Nous savons où a mené le blocus de Gaza : à des années de révolte palestinienne sous différentes formes, y compris des protestations non violentes à la périphérie de cette cage. Il a fini par mener à l’offensive du Hamas du 7 octobre 2023 et à la réponse génocidaire d’Israël.
Tant que nous nous contentons de nous taire face au génocide de Gaza, ou qu’on y contribue activement comme le font nos gouvernements depuis deux ans, Israël se sent plus enclin à agir. Notre complicité concernant Gaza est précisément la raison pour laquelle Israël dépoussière aujourd’hui le plan E1 pour la Cisjordanie.

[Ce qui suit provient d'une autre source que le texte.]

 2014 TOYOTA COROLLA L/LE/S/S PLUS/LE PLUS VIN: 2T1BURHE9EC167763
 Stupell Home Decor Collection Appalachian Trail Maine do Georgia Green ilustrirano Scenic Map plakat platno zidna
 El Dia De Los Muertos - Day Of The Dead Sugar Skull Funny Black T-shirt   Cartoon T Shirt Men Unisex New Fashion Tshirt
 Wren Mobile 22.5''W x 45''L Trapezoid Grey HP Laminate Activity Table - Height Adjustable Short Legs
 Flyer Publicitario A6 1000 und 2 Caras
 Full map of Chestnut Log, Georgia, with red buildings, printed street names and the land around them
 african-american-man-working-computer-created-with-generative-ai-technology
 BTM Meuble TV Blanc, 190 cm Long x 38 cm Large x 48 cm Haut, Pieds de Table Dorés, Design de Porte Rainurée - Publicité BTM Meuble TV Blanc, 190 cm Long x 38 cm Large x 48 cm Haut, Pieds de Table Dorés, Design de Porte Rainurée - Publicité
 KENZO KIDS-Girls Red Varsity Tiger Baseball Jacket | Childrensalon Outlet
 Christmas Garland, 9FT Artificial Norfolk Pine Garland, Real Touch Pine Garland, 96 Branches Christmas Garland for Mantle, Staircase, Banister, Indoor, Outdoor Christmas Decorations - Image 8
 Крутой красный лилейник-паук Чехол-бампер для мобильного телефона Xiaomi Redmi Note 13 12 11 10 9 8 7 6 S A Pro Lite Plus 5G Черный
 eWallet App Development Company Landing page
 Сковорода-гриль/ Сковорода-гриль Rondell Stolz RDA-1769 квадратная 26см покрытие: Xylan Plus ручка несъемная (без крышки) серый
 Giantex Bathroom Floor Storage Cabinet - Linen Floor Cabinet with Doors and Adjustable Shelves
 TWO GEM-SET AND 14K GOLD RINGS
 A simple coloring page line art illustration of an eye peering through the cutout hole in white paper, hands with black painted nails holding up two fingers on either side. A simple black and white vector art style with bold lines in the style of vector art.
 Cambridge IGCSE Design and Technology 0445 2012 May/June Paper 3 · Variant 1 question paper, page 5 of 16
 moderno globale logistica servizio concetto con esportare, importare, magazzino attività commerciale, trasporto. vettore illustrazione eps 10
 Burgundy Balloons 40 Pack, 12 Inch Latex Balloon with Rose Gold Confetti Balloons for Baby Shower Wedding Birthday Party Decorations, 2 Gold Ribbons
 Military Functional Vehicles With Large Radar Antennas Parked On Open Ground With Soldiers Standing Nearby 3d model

Il n’hésitera pas à intensifier son oppression jusqu’à créer les conditions d’une révolte ouverte, comme à Gaza. Et Israël profitera de cette révolte, comme à Gaza, pour commettre un deuxième génocide, cette fois en Cisjordanie.
Nous savons ce qui va se passer. Et la question est : avons-nous tiré des enseignements de l’histoire de Gaza ? Et cette fois-ci, allons-nous agir ?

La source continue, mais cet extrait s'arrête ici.